Why does 2/3 act as a multiplicative constant instead of an exponential? Moreover ##\sin \pi =0##.nomadreid said:((2/3)(cos (π) + i*sin(π))
No, it doesn't. sin(π)= 0. The other two cube roots are non-real, of course.nomadreid said:((-8)^2)^(1/3)=64^(1/3)=4
(-8)^(1/3))^2 = (-2)^2=4
but
(-8)^(2/3) = 4(-1)^(2/3) = 4((2/3)(cos (π) + i*sin(π)) and so forth, giving a complex number.
The first two do also, you just have restricted yourself to real numbers. 64 has three complex cube roots, 4 is one, the other two are non-real. 8 has 3 cube roots, one is 2 and the other two are non-real.I understand why the latter one works. Why don't the first two?
Thanks.
The expression means that we have three different expressions inside parentheses that are raised to different powers and then all of that is squared.

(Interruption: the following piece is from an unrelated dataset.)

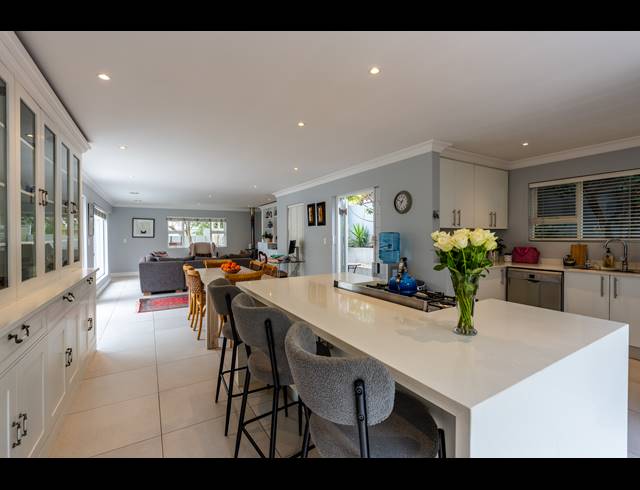 3 BEDROOM HOUSE FOR SALE IN MAROELADAL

The value of the expression is undefined because it leads to a contradiction. The first part, "((-8)^2)^(1/3)", simplifies to 64^(1/3) which is 4. The second part, "(-8)^(2/3)", simplifies to (-64)^(1/3) which is -4. And the third part, "(-8)^(1/3)", simplifies to (-8)^(1/3) which is -2. Therefore, we have 4 <> -4 <> -2 which is a contradiction.

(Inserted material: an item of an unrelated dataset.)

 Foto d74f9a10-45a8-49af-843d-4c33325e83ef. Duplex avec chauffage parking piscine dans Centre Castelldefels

The expression is undefined because it leads to a contradiction. The first part, "((-8)^2)^(1/3)", simplifies to 4. The second part, "(-8)^(2/3)", simplifies to -4. And the third part, "(-8)^(1/3)", simplifies to -2. Therefore, we have 4 <> -4 <> -2 which is a contradiction.
No, the expression cannot be simplified further because it leads to a contradiction. Each part of the expression has a different value, making it impossible to simplify the expression.
Understanding this expression is important because it helps us recognize and avoid contradictions in mathematical operations. It also highlights the importance of following the correct order of operations when simplifying expressions.